A series on the Principles of Christian Community Development
Enjoy this blog, written by one of our current interns, Kallie Linse. ECB
That Side of the Tracks
When I was in high school, a friend and I were driving to downtown Billings. At some point, we took a wrong turn and ended up crossing the tracks and into the South Side. As we drove through the neighborhood, trying to find our way out, I remember seeing the run-down houses and homeless people and thinking, “I am never coming back here.”
Making the South Side Home
Fast-forward a few years to the present day, and I currently live on the South Side! My year here has been a completely different experience than I ever would have expected. Aside from the fact that I feel totally safe in the neighborhood, the biggest surprise has been the sense of belonging that I feel. Several of our neighbors have shoveled our sidewalks and are self-declared “neighborhood watch” – they have vowed to look out for me and my roommates. Additionally, some followers of Jesus who live in the community have truly welcomed me; letting me live in their home, making me dinner, inviting me along on their date nights, letting me cry on their couches; you name it, they’ve done it for me. I can’t express the breath of fresh air this sense of community has been to me. At a time when I was feeling lost, out of touch, and like I didn’t belong, I began to feel grounded.

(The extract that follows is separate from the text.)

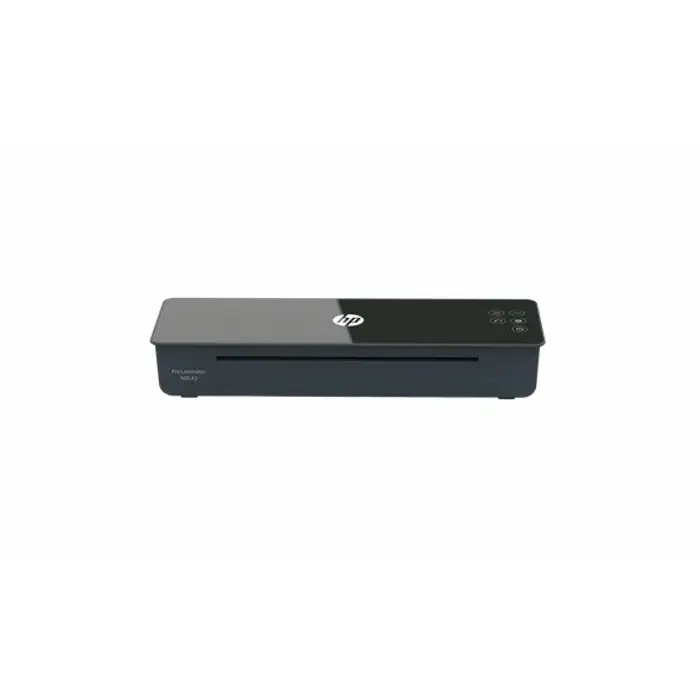 HP PRO LAMINATOR 600 A3 Cold/hot laminator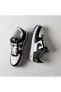 Air Force 1 Low QS TS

It’s tempting to think that my friends care for me so well solely because of who I am. I know that they do love me for who I am, but I am also deeply aware of the truth: the love in them is supernatural and unlike the kind we are able to give on our own. In this love, I see the reality of 1 John 4:7, “Beloved, let us love one another, for love is from God, and whoever loves has been born of God and knows God.” To me, it’s such a clear glimpse of the Kingdom of God.
Relocated into Community
The Kingdom of God is defined as the dynamic rule and reign of Jesus Christ. When it’s present, it looks like people in right relationship with God, others, and the natural world. In humanity’s current state of corrupted relationship with God, we can see the Kingdom only in glimpses–pockets of redemption in a world of brokenness. My experience in relocation is a perfect example. Never would I have expected to encounter this richness of community on the South Side of Billings. I feel loved, like I belong, and it’s happening in the “worst” neighborhood in a town that I never wanted to live in.

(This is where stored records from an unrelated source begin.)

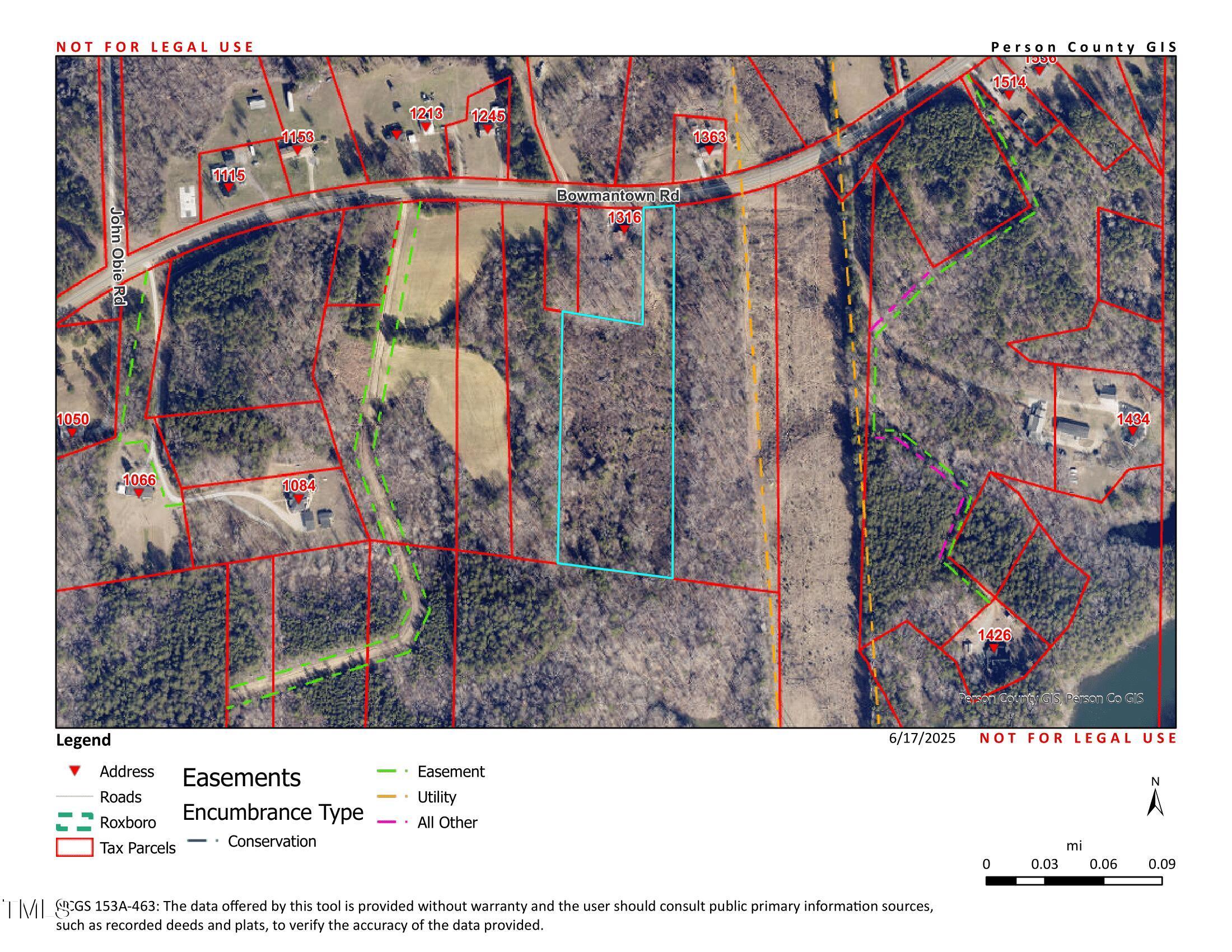 Image 1: A67 87 Bowmantown Rd-1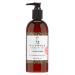 WildWash Nourishing Conditioner For Dogs 300ml - Shea Butter and Coconut to Hydrate Hair and Skin Preventing Breakage Detangles Long Hair- Natural Sulphate and Paraben-Free for Sensitive Skin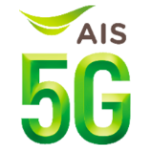 ais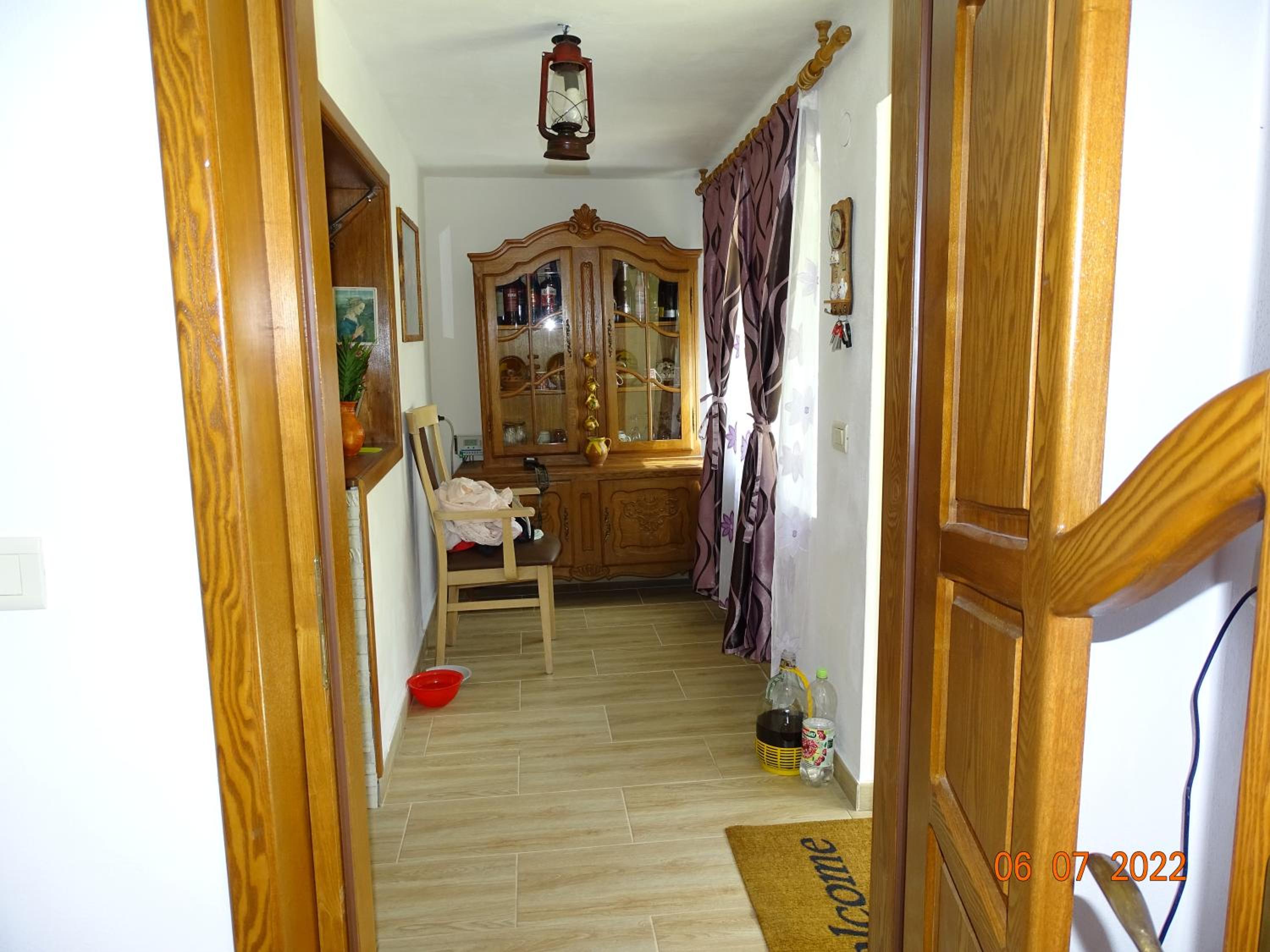 Photo 37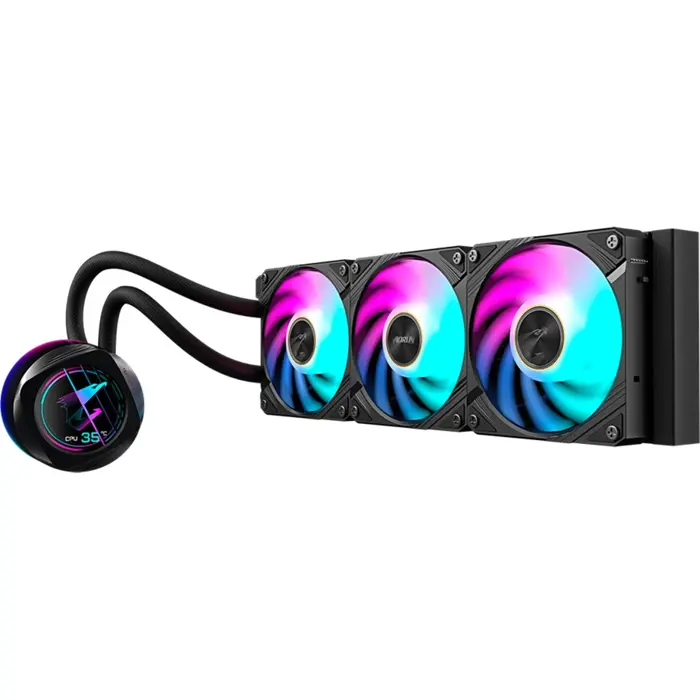 gigabyte-aorus-waterforce-x-ii-360mm-water-cooling-black-23206-gp-aoruswaterforcexii360-w.webp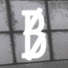 gvIGkEapYEQ-channel-avatar-Blitzpiration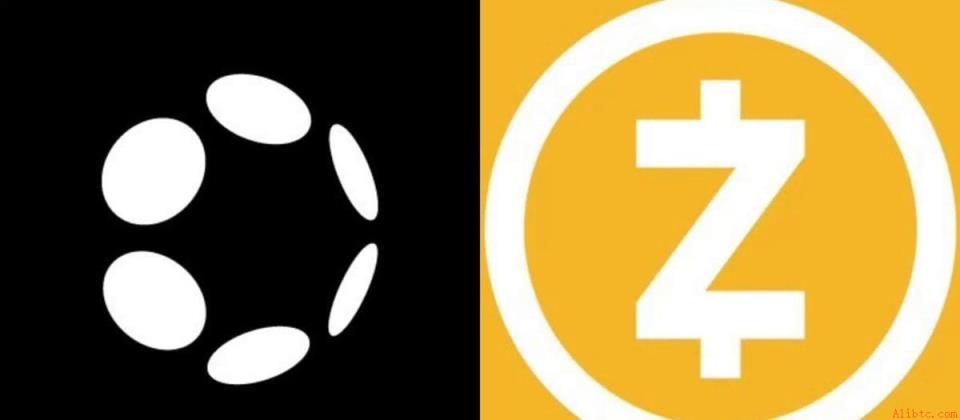 Hydration 推出 Zcash 交易功能，Polkadot DeFi 隐私资产生态再升级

Even in light of glimpses like this, we cannot ignore the fact that brokenness abounds on the South Side. Several of the houses around mine are drug houses. Many of my neighbors have lived on the South Side their whole lives and will probably never leave. They may be living in poverty or addiction or have loved ones who do, and there’s not much I can do about it. I can try to be a good neighbor and find ways to show them the love of Christ, but even that has been a significant challenge for me as I struggle to find the courage, energy, or willingness to step out of my comfort zone to build those relationships.

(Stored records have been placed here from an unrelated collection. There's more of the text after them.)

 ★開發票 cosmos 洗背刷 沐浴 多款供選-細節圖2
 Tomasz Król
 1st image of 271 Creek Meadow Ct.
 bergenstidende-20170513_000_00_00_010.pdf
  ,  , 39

As I feel and see the needs of my neighbors, I understand there are challenges that can be alleviated through the work of CLDI. God can use us to show the South Side youth that they are valuable, which may change the entire trajectory of their lives. He can use us to help women recover from their addiction and restore the families that have been broken by it. He can use us to someday build a healthy, affordable grocery store on the South Side–something that I wouldn’t have realized was a need if I hadn’t been living here myself. These are all things we have been invited to step into as followers of Jesus. At the end of the day, though, there is a perpetual power opposing our efforts to see God’s Kingdom revealed in the community – sin. It is at the root of every broken thing that stands in contrast with the rightness of relationship that God intended. Sin will not be fully destroyed until Jesus returns and establishes His kingdom on earth as it is in heaven
Coming Soon – The Kingdom in Full Glory
I believed in the power of the kingdom before I moved to the South Side, but being surrounded by new kinds of suffering has opened my eyes to the need for Jesus to come soon. On the day that He returns, we will no longer see the kingdom in glimpses, but in full glory. Sin and brokenness will be destroyed and we will no longer have broken relationships, suffer oppression, or battle addiction. We cannot ever hope to fully defeat these things without Jesus.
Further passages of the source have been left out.